▸ **What to produce**: From the line containing "Hárman megsérültek - Ford" to the last line of the listing, transcribe exactly and add nothing else; keep both ends and omit pictures.
_ _ _ _
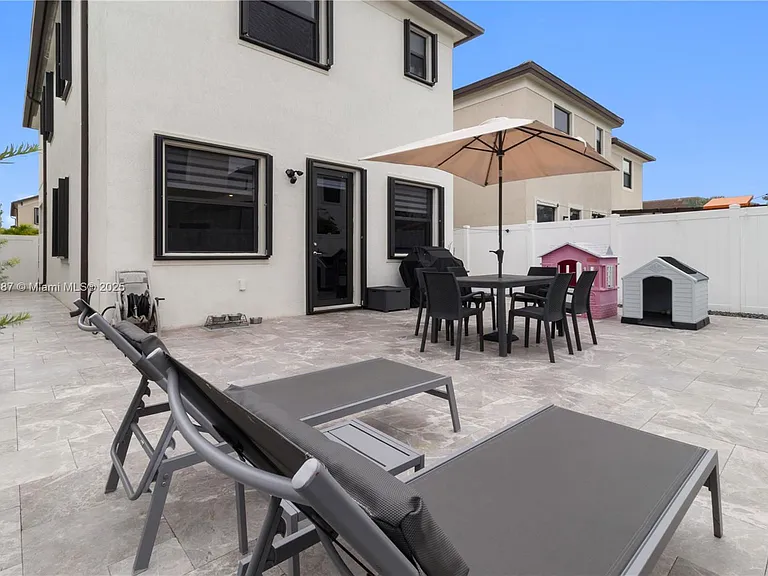 3431 W 109th Pl — Photo 10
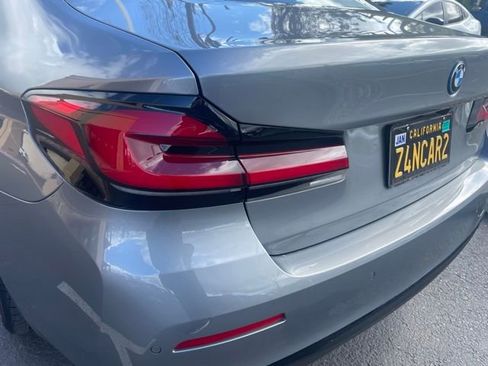 Used 2023 BMW 530e w/ Executive Package image 6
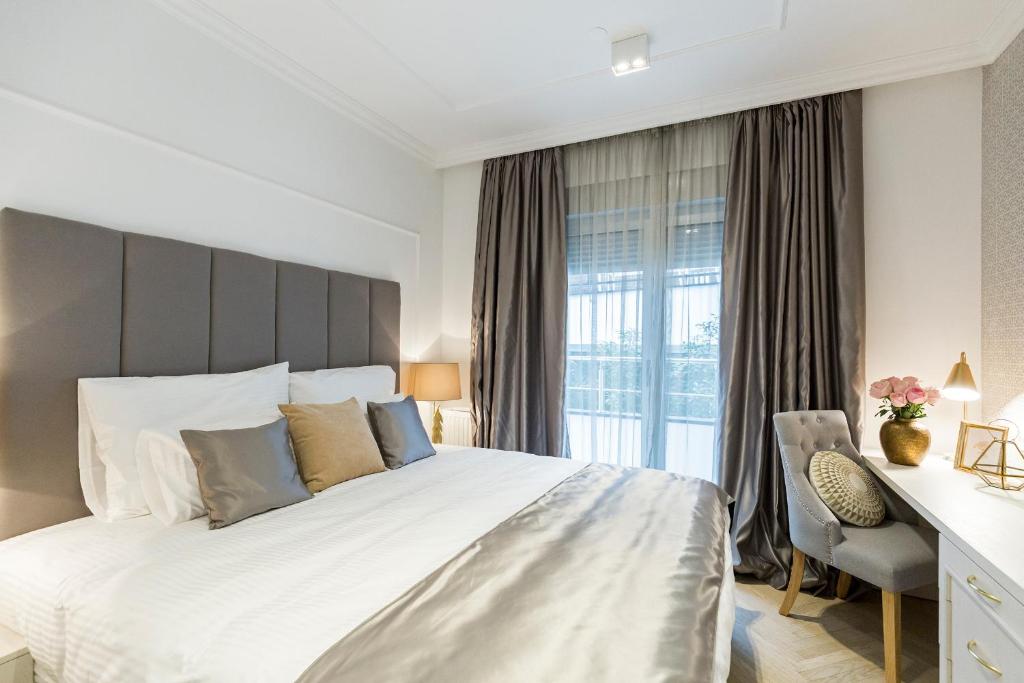 MM House - Double Room With Balcony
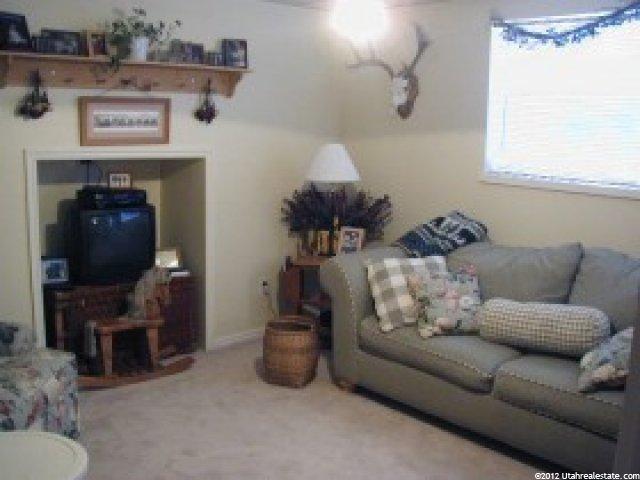 10128 Mount View Dr, Sandy, UT 84070 — photo 6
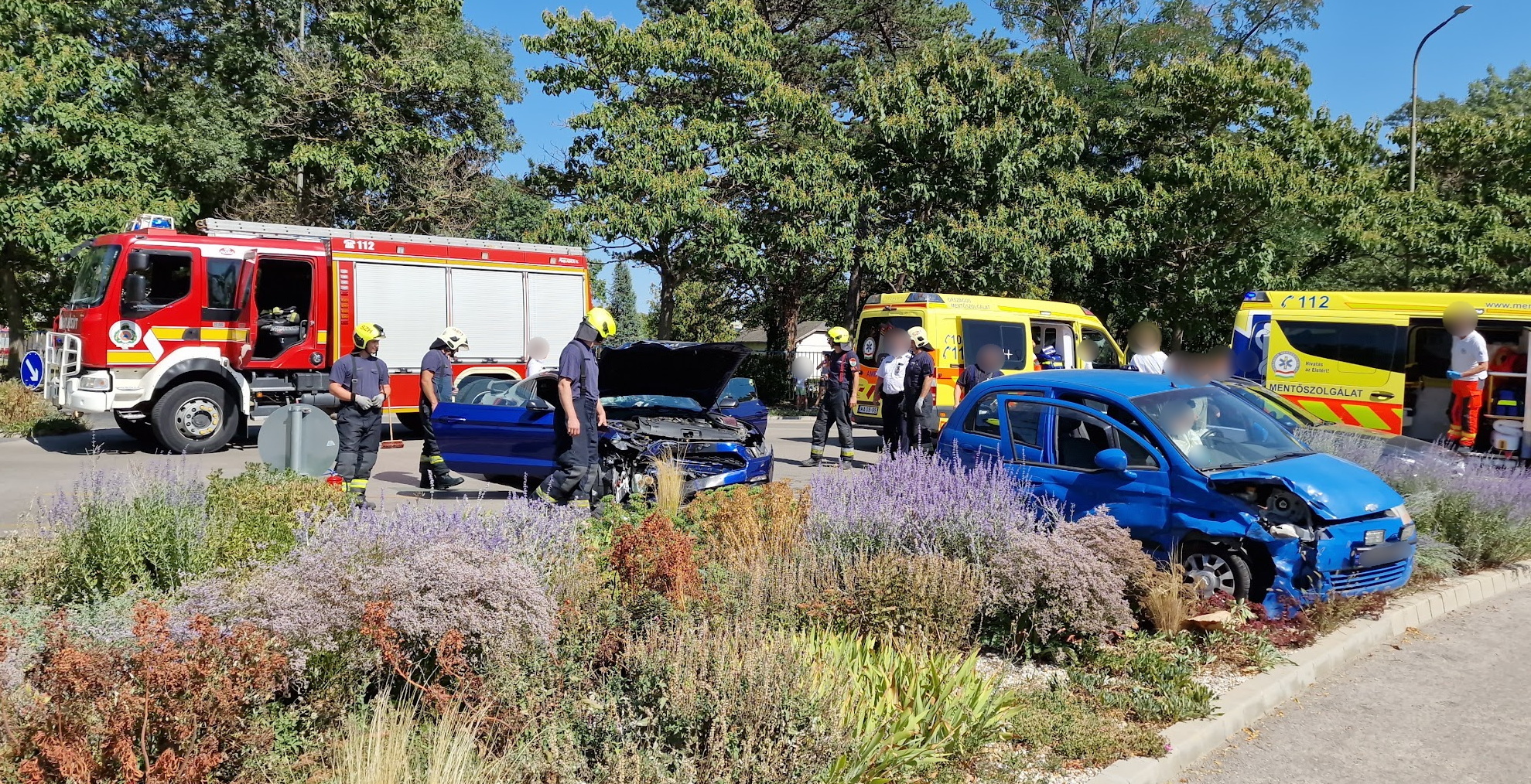 Hárman megsérültek - Ford elé kanyarodott, majd virágágyásba sodródott egy Chevrolet Szombathelyen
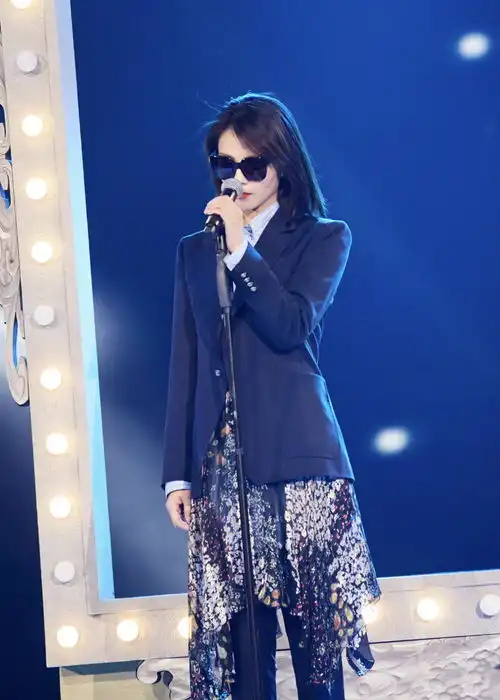 刘涛穿的太保暖了,穿连衣裙还要套裤子,有这么怕冷吗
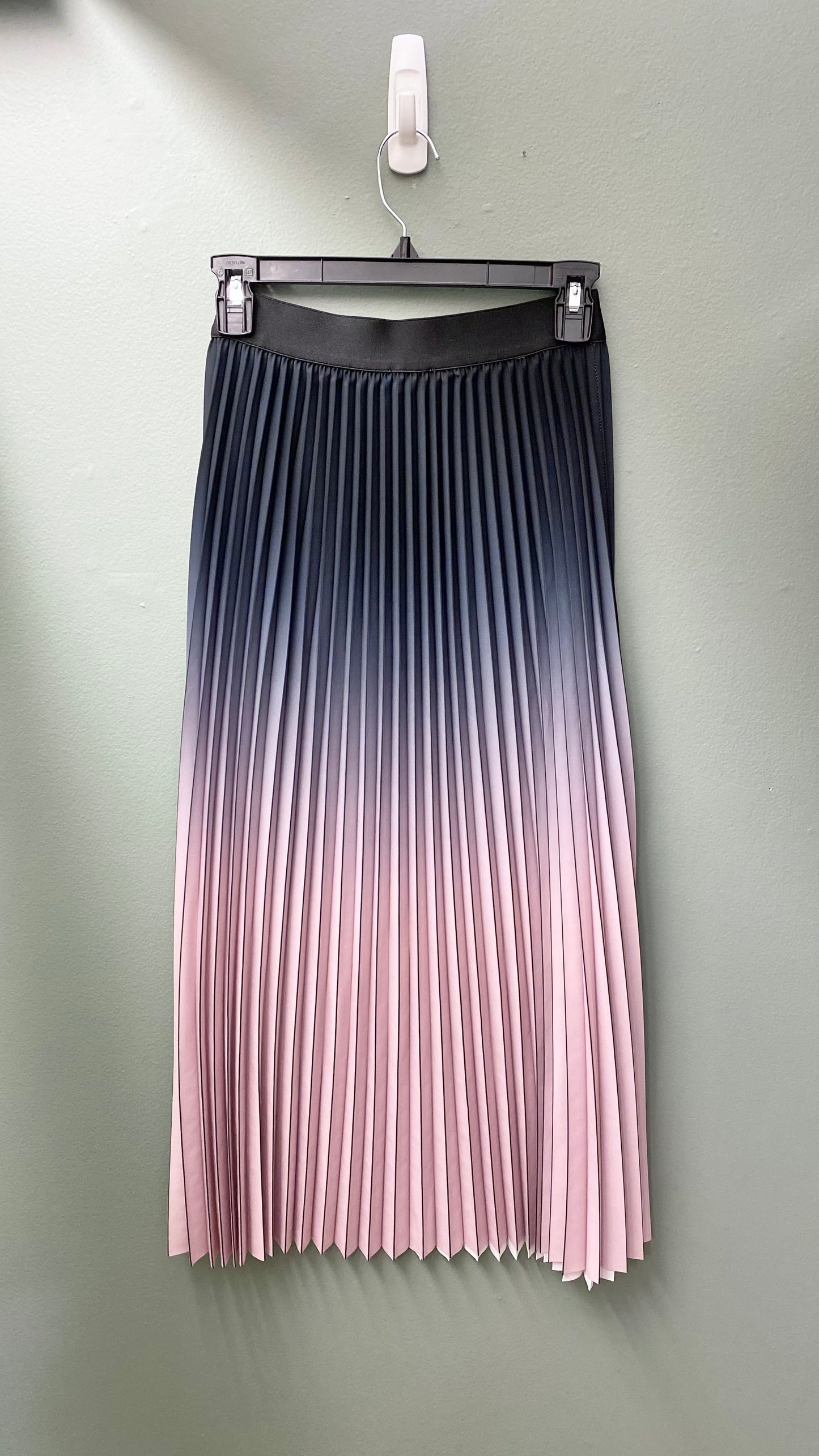 Clearance - WAY Ombré Pleated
_ _ _ _
▸ **Answer**:
 Hárman megsérültek - Ford elé kanyarodott, majd virágágyásba sodródott egy Chevrolet Szombathelyen
 刘涛穿的太保暖了,穿连衣裙还要套裤子,有这么怕冷吗
 Clearance - WAY Ombré Pleated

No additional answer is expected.